About App Autoscaler
Page last updated:
This topic describes App Autoscaler. It includes information about default and custom scaling rules as well as App Autoscaler architecture.
App Autoscaler is a Marketplace service that scales apps in your environment based on app performance metrics or a schedule. This controls the cost of running apps while maintaining app performance.
You can use App Autoscaler to do the following:
- Configure scaling rules that adjust app instance counts based on metrics thresholds
- Modify the maximum and minimum number of instances for an app, either manually or following a schedule
For example, you can configure App Autoscaler to scale down the number of instances for an app over the weekend. You can also configure App Autoscaler to scale up the number of instances for an app when the value of the CPU Usage metric increases above a custom threshold.
Breaking Change: App Autoscaler relies on API endpoints from Loggregator’s Log Cache. If you disable Log Cache, App Autoscaler fails. For more information about Log Cache, see Loggregator Introduces Log Cache in Pivotal Application Service v2.2 Release Notes.
This section describes how App Autoscaler decides when to scale an app up or down.
It also provides information about the custom metrics, comparison metrics, and default metrics that you can use when you create scaling rules for an app in App Autoscaler.

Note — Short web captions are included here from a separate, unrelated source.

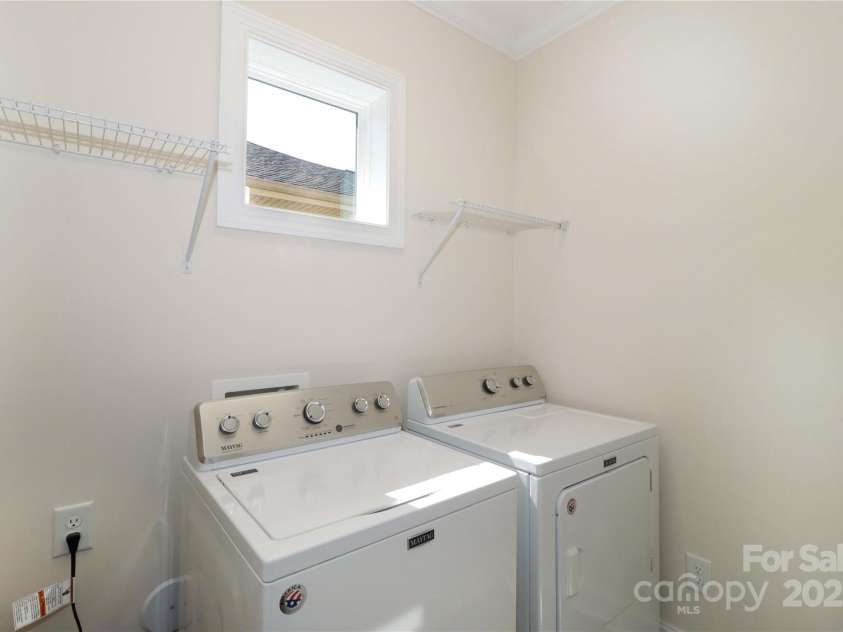 184 Flat Rock Drive, Denver, NC 28037.  MLS# CAR4220616, YatesRealty ID 7892. Enclosed laundry room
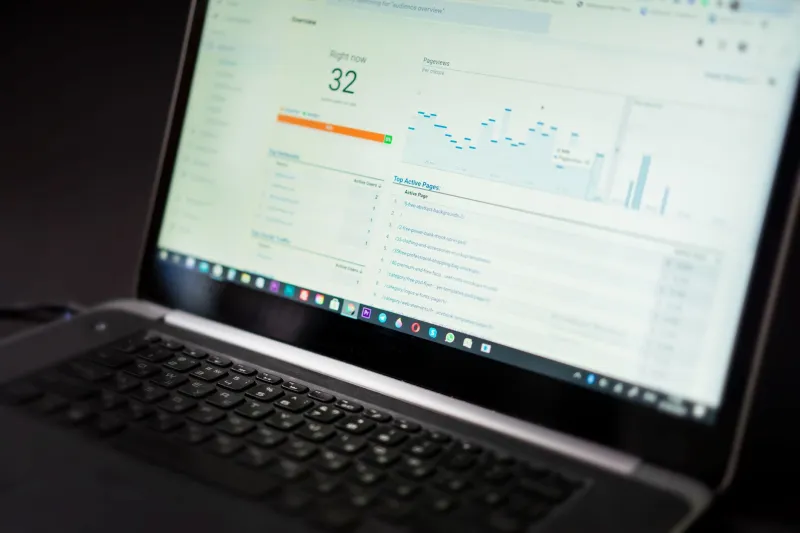 Stop Staring at Dashboards: The Link Metrics That Actually Move Revenue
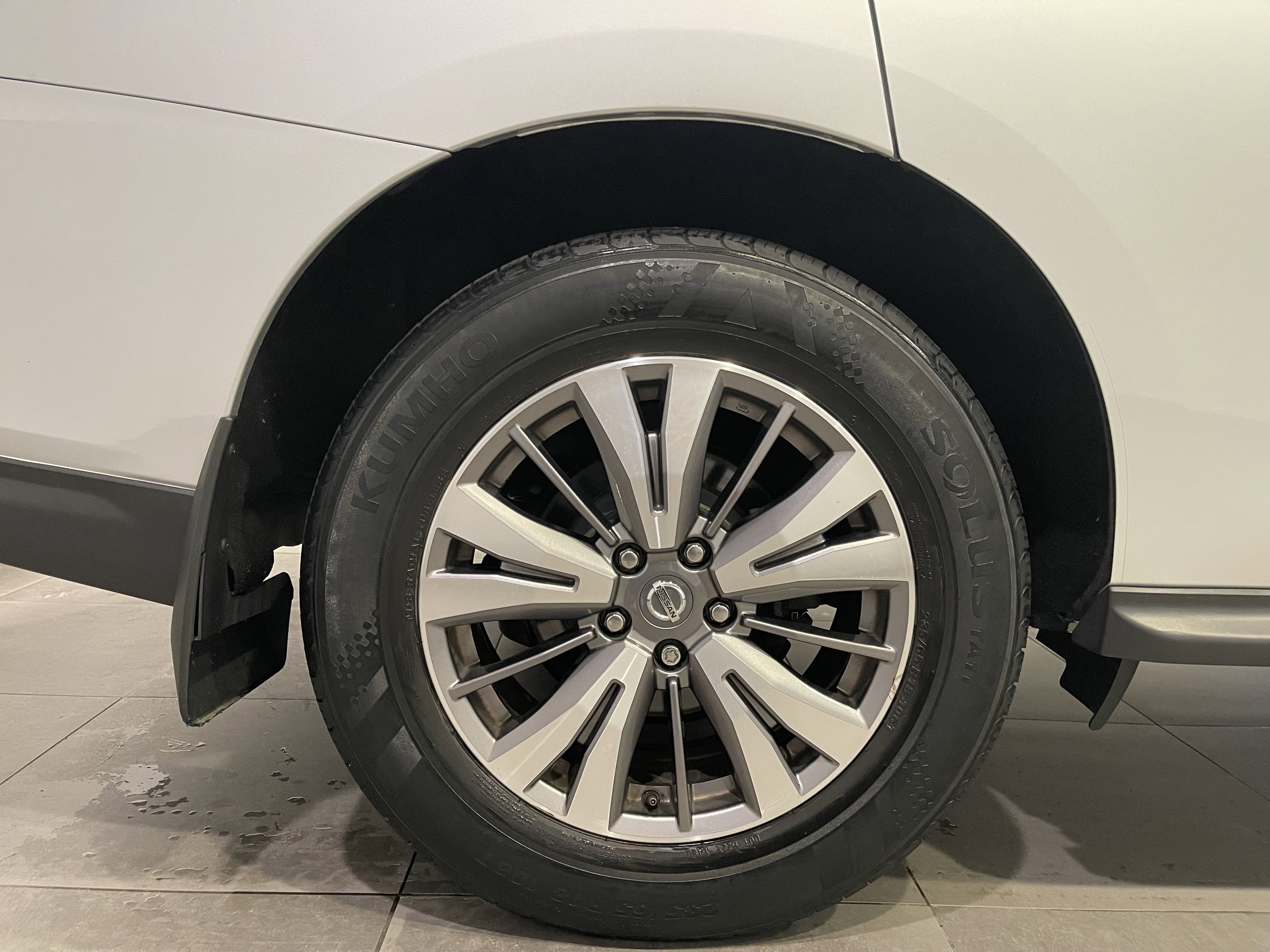 Used 2020 Nissan Pathfinder SL image 9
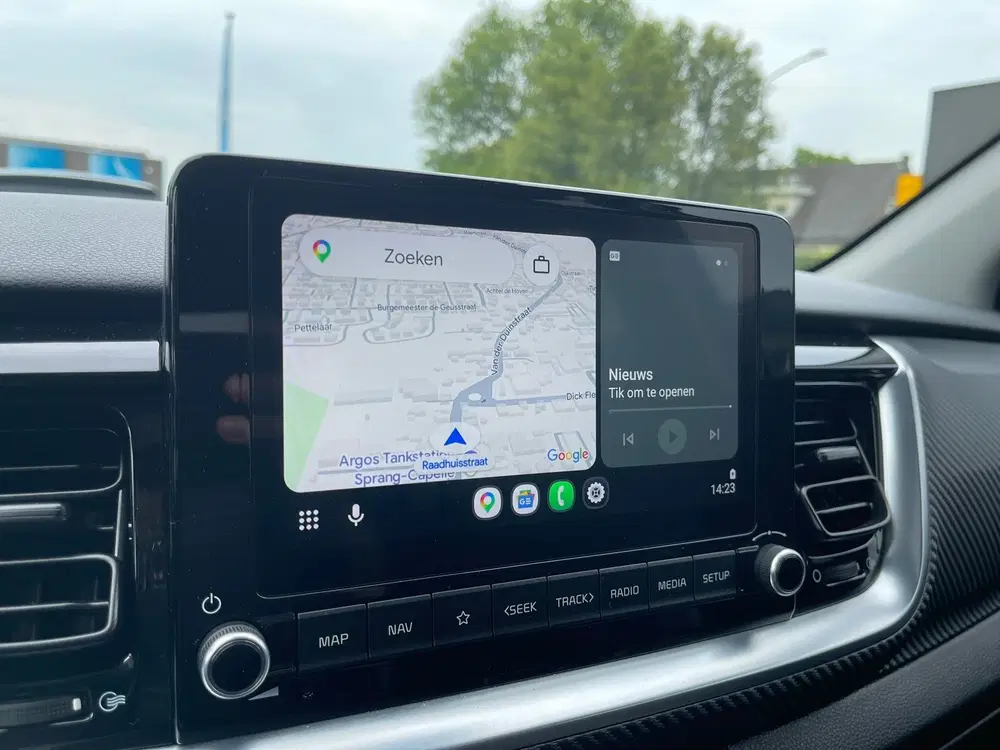 Kia Stonic 1.0 T-GDi MHEV GT-Line l PANO l STOELVERW. uit 2023, foto 12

Every 35 seconds, App Autoscaler makes a decision about whether to scale up, scale down, or keep the same number of instances.
To make a scaling decision, App Autoscaler averages the values of a given metric for the most recent 120 seconds.
Note: Operators can edit the 35 second scaling interval and the 120 second metric collection interval for all apps within the org. For more information, see (Optional) Configure App Autoscaler in Configuring PAS.
App Autoscaler scales apps as follows:
- Increment by one instance when any metric exceeds its maximum threshold.
- Decrement by one instance only when all metrics fall below their minimum thresholds.
- Keep the same number of instances when app metrics do not exceed thresholds.
The following diagram provides an example of how App Autoscaler makes scaling decisions:
As shown in the diagram, an app has a maximum threshold of 200 milliseconds and a minimum threshold of 80 milliseconds for an HTTP latency metric.
If HTTP latency averages 220 milliseconds for 120 seconds, App Autoscaler scales the app up one instance.
If HTTP latency then averages 70 milliseconds over the next 120 second window and the app’s other scaling metrics also fall below their minimum thresholds, App Autoscaler scales the app down one instance.
If the average value for HTTP latency over a 120 second window is below the maximum threshold of 200 milliseconds and above the minimum threshold of 80 milliseconds, App Autoscaler maintains the same number of instances for the app.
You can also set a maximum and minimum number of instances. For example, if an app exceeds the maximum threshold of a given metric, but the number of instances is already at the maximum number of allowed instances, App Autoscaler does not scale up the app.
App Autoscaler includes several default metrics for which you can create scaling rules.
Note: Pivotal recommends that you define custom metrics for scaling rules instead of using the default metrics. Custom metrics allow you to more accurately monitor the performance of your apps based on your environment.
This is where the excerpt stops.